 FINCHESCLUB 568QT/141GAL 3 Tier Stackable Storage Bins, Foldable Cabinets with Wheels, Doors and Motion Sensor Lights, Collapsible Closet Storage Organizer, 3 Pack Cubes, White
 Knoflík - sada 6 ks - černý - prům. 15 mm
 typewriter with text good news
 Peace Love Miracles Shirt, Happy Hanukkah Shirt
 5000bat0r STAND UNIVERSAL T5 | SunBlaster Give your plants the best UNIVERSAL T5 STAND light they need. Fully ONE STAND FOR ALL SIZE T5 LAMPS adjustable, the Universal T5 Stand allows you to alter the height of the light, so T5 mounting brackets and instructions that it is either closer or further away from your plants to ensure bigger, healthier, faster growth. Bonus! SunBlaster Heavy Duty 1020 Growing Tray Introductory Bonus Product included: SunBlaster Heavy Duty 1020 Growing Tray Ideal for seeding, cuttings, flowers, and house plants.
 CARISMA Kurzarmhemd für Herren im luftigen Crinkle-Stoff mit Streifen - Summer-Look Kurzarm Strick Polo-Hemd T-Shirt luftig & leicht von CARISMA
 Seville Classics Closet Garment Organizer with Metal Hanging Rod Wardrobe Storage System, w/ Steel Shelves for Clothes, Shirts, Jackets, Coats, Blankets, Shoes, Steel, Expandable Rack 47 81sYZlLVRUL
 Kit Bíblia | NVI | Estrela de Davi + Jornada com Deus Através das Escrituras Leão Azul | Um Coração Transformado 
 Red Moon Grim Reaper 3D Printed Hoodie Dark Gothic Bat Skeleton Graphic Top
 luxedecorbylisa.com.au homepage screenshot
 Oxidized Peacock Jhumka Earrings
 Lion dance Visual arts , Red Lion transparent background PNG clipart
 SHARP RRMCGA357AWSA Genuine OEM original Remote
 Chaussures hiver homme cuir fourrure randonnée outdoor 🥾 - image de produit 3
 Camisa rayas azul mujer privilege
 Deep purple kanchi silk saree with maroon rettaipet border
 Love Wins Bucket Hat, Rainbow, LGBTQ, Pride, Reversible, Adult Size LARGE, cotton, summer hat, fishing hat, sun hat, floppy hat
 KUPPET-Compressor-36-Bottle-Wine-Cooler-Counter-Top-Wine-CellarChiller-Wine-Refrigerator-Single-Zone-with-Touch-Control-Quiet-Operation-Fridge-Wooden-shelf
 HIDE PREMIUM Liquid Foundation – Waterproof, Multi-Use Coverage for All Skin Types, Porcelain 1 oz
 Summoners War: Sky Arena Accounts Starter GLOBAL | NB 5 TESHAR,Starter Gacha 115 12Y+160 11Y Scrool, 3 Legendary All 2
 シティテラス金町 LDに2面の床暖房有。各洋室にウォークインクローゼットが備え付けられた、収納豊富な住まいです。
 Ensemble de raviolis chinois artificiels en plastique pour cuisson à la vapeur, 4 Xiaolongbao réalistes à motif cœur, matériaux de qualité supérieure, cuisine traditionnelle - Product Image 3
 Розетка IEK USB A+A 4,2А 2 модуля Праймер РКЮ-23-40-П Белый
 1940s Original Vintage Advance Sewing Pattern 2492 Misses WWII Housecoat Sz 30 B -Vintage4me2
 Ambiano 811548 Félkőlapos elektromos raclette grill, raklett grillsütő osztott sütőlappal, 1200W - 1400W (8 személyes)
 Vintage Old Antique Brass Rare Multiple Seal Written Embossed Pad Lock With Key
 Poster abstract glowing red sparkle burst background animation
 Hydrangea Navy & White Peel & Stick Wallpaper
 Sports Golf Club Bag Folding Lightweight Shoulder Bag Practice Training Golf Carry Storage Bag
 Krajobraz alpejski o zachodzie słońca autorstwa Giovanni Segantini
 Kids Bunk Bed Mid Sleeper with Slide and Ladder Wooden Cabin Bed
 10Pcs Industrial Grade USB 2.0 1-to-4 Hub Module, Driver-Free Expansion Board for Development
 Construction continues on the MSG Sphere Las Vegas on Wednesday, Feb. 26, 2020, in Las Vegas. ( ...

———

■ **Required work**: Quote the listing above, but only from the line that shows "Red Moon Grim" through the line that shows "Deep purple kanchi".

■ **Answer space**:
 Red Moon Grim Reaper 3D Printed Hoodie Dark Gothic Bat Skeleton Graphic Top
 luxedecorbylisa.com.au homepage screenshot
 Oxidized Peacock Jhumka Earrings
 Lion dance Visual arts , Red Lion transparent background PNG clipart
 SHARP RRMCGA357AWSA Genuine OEM original Remote
 Chaussures hiver homme cuir fourrure randonnée outdoor 🥾 - image de produit 3
 Camisa rayas azul mujer privilege
 Deep purple kanchi silk saree with maroon rettaipet border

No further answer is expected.